Olaparib monotherapy benefits BRCA-mutated cancers with improved progression-free survival. Robson et al. (2017) reported a 2.8-month longer median progression-free survival in germline BRCA-mutated, HER2-negative metastatic breast cancer. Fong et al. (2009) observed antitumor activity with few adverse effects in BRCA-associated cancers.
Which cancers benefit from PARP inhibitors?
PARP inhibitors target BRCA1/2-deficient cancers including ovarian, breast, and platinum-sensitive ovarian cancer.

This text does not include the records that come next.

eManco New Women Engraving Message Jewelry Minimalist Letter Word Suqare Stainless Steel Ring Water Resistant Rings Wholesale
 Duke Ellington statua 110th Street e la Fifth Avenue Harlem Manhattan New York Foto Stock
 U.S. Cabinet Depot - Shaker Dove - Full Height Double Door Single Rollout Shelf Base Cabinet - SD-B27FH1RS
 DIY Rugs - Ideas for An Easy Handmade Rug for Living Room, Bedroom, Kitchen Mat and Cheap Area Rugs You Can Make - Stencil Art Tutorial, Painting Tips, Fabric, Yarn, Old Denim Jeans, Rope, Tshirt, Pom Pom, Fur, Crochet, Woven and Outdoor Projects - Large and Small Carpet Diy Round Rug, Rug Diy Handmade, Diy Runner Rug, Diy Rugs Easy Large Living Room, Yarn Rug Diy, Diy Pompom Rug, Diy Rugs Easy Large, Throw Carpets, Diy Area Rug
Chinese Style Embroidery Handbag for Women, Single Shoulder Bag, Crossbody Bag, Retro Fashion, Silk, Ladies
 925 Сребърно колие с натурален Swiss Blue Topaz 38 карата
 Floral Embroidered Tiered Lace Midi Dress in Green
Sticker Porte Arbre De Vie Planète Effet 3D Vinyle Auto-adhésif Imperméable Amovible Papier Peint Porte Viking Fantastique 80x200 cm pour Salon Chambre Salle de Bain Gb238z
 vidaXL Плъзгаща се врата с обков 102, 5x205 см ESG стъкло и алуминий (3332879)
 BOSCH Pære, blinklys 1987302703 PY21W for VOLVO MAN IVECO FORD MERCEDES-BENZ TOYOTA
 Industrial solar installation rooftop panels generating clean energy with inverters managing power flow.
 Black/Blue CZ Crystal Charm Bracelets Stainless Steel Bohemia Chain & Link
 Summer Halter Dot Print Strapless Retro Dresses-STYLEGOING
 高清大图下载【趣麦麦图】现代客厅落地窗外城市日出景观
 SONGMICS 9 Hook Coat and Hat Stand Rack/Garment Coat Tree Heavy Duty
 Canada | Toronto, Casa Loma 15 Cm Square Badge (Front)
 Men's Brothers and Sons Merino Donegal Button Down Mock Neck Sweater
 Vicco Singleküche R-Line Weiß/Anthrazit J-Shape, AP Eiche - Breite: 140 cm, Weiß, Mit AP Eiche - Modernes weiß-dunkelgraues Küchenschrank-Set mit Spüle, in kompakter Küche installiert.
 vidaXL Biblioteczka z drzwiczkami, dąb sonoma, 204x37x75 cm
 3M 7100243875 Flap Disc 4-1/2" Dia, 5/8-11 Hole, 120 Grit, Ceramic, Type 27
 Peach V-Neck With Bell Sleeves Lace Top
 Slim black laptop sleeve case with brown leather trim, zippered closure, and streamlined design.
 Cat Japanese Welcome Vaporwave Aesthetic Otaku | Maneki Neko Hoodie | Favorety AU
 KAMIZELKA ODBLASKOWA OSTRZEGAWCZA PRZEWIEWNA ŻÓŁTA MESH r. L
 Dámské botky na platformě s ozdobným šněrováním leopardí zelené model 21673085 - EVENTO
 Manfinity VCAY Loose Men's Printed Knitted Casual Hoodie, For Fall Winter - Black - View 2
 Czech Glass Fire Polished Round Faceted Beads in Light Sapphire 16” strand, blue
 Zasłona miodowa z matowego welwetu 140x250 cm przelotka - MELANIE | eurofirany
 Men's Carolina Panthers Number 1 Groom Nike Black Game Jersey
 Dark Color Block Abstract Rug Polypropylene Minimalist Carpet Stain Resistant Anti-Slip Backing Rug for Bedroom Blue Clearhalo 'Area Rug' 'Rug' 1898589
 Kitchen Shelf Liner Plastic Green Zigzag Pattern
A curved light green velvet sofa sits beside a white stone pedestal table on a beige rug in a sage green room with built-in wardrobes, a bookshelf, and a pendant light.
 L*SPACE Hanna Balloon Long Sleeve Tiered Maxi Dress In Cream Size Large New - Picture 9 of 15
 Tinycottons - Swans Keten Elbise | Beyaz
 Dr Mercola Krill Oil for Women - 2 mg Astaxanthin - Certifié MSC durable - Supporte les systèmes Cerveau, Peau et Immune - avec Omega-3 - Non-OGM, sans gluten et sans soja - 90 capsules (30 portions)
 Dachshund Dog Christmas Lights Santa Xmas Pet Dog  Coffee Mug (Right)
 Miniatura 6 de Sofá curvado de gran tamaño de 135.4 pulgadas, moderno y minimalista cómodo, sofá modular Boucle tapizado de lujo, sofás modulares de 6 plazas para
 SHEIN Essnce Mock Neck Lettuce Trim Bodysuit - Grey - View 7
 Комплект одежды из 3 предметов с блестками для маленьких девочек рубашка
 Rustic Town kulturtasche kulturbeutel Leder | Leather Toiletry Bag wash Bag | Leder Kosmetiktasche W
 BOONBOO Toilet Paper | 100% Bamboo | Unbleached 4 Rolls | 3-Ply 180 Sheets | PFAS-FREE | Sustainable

Fong et al. (2009) showed activity in BRCA mutation carriers. Robson et al. (2017) confirmed efficacy in metastatic breast cancer with germline BRCA mutations.
What is the role of homologous recombination in PARP inhibition?
Homologous recombination deficiency sensitizes cells to PARP inhibitors due to inability to repair double-strand breaks. Farmer et al. (2005) and Bryant et al. (2005) established this through selective killing of BRCA mutant cells. The mechanism relies on synthetic lethality between PARP and BRCA pathways.
Open Research Questions
- ? How can resistance to PARP inhibitors in BRCA-mutated cancers be overcome?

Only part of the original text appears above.